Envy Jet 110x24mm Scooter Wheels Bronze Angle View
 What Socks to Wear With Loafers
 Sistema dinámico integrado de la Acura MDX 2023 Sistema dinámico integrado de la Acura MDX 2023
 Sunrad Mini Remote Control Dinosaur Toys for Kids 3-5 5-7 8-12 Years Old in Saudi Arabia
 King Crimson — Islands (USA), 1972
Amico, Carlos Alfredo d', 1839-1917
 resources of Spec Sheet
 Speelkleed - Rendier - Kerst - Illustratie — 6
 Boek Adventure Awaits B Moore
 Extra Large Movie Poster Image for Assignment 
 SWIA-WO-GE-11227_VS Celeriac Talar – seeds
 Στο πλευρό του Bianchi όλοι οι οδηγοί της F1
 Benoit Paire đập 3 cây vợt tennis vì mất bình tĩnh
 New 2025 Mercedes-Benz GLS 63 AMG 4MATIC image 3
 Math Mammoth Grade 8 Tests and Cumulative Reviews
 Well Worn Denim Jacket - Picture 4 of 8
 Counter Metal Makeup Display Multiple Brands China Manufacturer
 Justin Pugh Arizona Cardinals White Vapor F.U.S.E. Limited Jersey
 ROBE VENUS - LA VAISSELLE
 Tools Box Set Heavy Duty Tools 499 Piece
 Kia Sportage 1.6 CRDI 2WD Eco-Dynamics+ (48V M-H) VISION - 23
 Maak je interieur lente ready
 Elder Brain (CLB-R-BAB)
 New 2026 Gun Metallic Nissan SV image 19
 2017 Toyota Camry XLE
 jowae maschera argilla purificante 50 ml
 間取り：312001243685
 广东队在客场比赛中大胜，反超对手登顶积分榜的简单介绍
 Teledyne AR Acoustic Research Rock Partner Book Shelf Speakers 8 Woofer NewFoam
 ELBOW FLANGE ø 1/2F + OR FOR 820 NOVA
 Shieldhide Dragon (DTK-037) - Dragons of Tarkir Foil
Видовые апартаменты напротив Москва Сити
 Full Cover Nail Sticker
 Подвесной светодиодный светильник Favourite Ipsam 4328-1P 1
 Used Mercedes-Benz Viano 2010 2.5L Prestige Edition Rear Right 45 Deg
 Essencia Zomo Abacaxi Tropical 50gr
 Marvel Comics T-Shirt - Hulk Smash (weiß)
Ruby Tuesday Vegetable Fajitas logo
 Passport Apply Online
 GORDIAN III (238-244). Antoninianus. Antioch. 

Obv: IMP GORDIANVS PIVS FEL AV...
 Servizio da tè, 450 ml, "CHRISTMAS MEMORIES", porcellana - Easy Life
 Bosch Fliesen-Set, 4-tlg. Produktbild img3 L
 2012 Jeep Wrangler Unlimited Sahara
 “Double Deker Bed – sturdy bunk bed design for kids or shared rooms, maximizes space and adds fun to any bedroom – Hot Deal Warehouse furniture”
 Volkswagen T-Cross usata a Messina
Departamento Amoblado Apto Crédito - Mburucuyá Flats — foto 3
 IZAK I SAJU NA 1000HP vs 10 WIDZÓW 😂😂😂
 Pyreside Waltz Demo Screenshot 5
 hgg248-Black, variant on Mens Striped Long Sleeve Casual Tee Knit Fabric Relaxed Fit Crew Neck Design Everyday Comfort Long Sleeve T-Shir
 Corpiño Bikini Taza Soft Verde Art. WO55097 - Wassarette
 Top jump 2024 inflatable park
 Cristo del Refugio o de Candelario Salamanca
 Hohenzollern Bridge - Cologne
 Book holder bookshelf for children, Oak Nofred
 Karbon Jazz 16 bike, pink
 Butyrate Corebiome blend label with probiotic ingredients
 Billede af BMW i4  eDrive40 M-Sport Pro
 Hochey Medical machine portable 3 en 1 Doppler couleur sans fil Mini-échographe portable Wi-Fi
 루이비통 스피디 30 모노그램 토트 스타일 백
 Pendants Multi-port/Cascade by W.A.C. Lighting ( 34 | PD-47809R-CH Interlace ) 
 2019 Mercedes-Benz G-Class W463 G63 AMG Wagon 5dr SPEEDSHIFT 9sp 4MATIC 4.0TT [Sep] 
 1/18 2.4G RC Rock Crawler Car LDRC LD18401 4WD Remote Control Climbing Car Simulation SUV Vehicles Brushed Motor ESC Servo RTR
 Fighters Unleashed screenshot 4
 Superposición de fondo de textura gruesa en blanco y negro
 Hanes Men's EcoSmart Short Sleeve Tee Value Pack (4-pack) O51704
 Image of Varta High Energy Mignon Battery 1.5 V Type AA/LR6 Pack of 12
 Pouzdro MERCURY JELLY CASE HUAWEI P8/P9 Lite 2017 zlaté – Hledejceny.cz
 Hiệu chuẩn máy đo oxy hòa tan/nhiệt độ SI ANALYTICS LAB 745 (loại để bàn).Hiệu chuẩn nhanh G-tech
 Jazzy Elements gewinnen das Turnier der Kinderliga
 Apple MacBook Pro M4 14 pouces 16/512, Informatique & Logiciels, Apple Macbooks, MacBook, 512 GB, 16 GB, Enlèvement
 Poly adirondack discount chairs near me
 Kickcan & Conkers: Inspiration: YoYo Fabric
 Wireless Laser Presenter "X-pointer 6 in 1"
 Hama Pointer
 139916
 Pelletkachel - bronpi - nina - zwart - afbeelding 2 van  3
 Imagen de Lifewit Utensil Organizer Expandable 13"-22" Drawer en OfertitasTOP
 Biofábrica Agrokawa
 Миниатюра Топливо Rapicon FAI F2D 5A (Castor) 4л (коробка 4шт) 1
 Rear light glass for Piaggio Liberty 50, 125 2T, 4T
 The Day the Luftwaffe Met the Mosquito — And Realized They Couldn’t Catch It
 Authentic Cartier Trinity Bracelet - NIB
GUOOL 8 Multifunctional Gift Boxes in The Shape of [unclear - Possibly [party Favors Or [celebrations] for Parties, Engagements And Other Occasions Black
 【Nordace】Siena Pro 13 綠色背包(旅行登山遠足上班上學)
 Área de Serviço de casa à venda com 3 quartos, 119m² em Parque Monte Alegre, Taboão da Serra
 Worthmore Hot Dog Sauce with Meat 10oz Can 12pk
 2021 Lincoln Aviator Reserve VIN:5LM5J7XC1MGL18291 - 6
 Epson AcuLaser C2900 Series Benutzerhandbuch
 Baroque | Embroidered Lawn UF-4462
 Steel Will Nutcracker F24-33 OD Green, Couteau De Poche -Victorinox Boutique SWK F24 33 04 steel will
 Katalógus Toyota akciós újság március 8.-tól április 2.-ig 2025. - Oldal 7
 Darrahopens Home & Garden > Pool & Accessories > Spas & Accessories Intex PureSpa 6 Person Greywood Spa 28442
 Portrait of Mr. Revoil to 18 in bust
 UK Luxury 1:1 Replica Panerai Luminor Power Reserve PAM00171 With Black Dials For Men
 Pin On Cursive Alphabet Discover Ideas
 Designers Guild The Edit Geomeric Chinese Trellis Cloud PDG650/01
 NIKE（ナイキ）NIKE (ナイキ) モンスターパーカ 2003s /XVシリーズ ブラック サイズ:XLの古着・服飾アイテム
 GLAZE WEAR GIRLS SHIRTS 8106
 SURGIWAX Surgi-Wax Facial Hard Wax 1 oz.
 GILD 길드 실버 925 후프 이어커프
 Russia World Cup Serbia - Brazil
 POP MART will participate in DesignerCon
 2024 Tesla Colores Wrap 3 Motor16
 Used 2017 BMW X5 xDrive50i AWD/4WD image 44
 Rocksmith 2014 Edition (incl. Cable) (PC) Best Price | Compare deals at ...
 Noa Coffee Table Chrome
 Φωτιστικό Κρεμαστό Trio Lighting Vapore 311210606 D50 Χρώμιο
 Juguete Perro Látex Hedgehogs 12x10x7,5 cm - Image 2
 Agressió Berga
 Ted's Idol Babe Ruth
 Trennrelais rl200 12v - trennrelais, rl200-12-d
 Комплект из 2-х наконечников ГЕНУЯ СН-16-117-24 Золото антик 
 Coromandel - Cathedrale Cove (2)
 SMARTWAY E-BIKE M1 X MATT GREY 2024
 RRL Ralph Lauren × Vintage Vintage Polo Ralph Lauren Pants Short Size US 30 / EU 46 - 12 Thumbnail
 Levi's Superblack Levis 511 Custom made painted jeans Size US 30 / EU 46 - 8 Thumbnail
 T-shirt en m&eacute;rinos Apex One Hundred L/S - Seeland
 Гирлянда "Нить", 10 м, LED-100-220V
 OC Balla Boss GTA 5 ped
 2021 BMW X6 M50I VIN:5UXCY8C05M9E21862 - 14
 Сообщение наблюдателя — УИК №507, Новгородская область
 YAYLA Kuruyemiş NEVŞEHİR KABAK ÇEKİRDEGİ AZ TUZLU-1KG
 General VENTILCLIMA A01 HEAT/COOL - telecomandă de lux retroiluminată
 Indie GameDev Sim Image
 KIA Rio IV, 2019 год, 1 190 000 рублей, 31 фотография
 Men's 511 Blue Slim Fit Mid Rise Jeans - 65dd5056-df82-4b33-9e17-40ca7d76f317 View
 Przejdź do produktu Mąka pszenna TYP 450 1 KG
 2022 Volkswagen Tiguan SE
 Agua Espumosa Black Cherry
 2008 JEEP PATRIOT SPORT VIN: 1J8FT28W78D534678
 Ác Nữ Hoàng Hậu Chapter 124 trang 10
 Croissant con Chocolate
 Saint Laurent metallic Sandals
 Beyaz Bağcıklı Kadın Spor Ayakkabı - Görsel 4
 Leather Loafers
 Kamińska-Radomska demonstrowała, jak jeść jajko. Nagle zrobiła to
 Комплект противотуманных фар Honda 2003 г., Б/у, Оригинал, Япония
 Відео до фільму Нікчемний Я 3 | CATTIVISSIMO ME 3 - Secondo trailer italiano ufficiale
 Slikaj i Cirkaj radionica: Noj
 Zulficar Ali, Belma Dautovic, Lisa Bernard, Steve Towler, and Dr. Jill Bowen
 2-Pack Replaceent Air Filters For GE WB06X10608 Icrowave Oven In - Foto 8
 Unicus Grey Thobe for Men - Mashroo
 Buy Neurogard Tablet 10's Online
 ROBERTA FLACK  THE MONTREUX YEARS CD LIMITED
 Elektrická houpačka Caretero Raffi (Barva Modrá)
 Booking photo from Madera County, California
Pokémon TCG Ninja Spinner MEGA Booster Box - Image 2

EXERCISE REQUIREMENTS — Which of the lines above hold the word "Benz"? Copy each one.

EXPECTED OUTPUT —
 New 2025 Mercedes-Benz GLS 63 AMG 4MATIC image 3
 Used Mercedes-Benz Viano 2010 2.5L Prestige Edition Rear Right 45 Deg
 2019 Mercedes-Benz G-Class W463 G63 AMG Wagon 5dr SPEEDSHIFT 9sp 4MATIC 4.0TT [Sep] 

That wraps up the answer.